2022 Halibut Catch Limits Rise 5.7 Percent Due to Incoming 2012 Year Class

 

January 31, 2022

The International Pacific Halibut Commission (IPHC) announced slightly increased catch limits for 2022 in Alaska and British Columbia along with season dates of Sunday March 6 through Wednesday, December 6, 2022.

IPHC’s annual meeting also set the catch limit in Washington, Oregon, and California at the same level it has in the past four years — 1.65 million pounds.

The slight increase from 39 million pounds coastwide last year to 41.22 mlb. this year was due in large part to the emergence of young halibut that began reaching harvestable size of 32 inches only in recent years. Those young fish hatched in 2012 and are estimated now to be a significant contributor to the spawning biomass.

The IPHC process to set catch limits is a coordinated effort by fishermen, who are members of the Conference Board (CB), and processors who participate in the Processor Advisory Board (PAB). Both groups take the scientific reference points from the IPHC staff, apply their perspectives, and provide recommendations to the six member Commission — three from the U.S. and three from Canada.
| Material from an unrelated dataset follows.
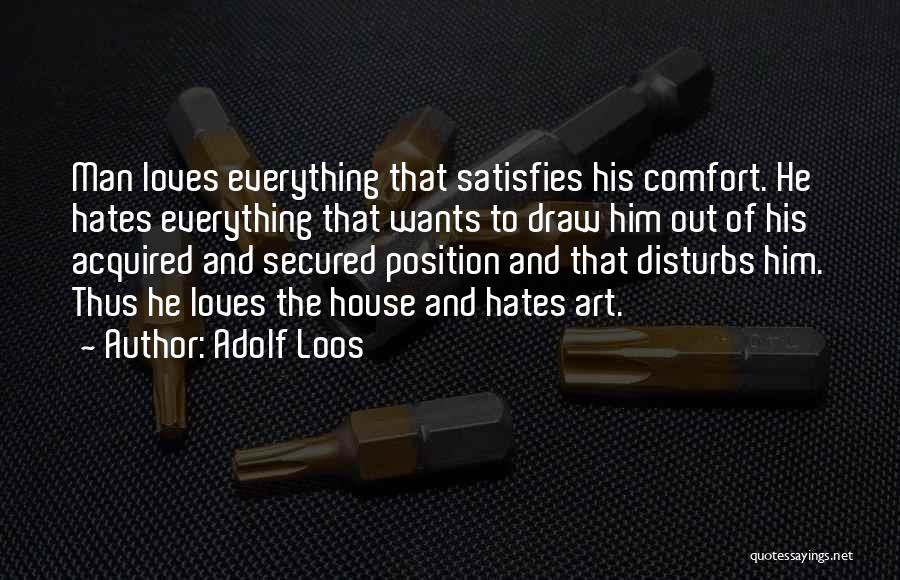 Adolf Loos Quotes: Man Loves Everything That Satisfies His Comfort. He Hates Everything That Wants To Draw Him Out Of His Acquired And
This year, the outcome differed slightly from other years in how far apart the Commissioners were from the IPHC’s references points, and from the advisory bodies, in two areas in particular: western Gulf of Alaska and Southeast Alaska.
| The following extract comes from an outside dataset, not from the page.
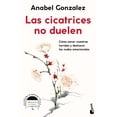 thumbnail image 1 of Las cicatrices no duelen, de Gonzalez Anabel, Booket, 2026, 1 of 3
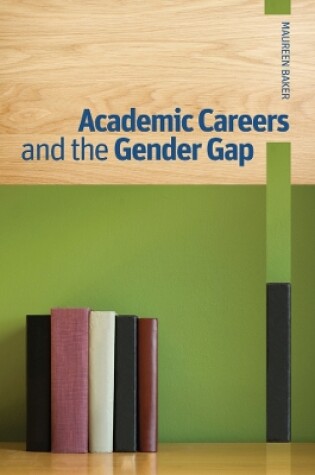 Cover of Academic Careers and the Gender Gap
The final adopted limits for each regulatory area are as follows (all numbers are in million pounds):

Area 2A (WA, OR, CA) — 1.65

Area 2B (B.C.) — 7.56

Area 2C (Southeast Alaska) — 5.91

Area 3A (Central Gulf of Alaska) — 14.55

Area 3B (Western GOA) — 3.90

Area 4A (Aleutians Islands: SE Bering Sea and North Pacific) — 2.10

Area 4B (Western Aleutians: BS and NoPac) — 1.45

Area 4CDE (rest of Bering Sea) — 4.10

The total of 41.22 mlbs was agreed to by the advisory bodies and the Commissioners as the best, most scientifically defensible level for 2022. It was only in individual Regulatory Areas that the catch limit differed from the scientific advice.

IPHC’s reference point for removals in Area 2C, based on the survey and modeled stock assessment, was 4.75 mlbs — 24.4% lower than the final adopted amount of 5.91 mlbs. In Area 3B, the western Gulf of Alaska, the adopted limit of 3.9 mlbs was 34.3% lower than the 5.94 mlbs reference point from IPHC.

Both advisory groups offered recommendations to the commissioners for addressing allocation next year, when a four-year interim management agreement between the two countries expires. That agreement acknowledged a divide between the two countries on how to distribute catch that goes back decades, when IPHC used an area-by-area stock assessment prior to a coastwide assessment, which has been in use for more than a decade now.

The disagreement was exacerbated in recent years by Bering Sea bycatch of undersized halibut that would impact future migrations (and potential catches) to B.C.  With last month’s decision of the North Pacific Fishery Management Council to lower bycatch caps in one trawl sector in the Bering Sea, both countries are preparing for a new — and hopefully more permanent — way to determine country allocations.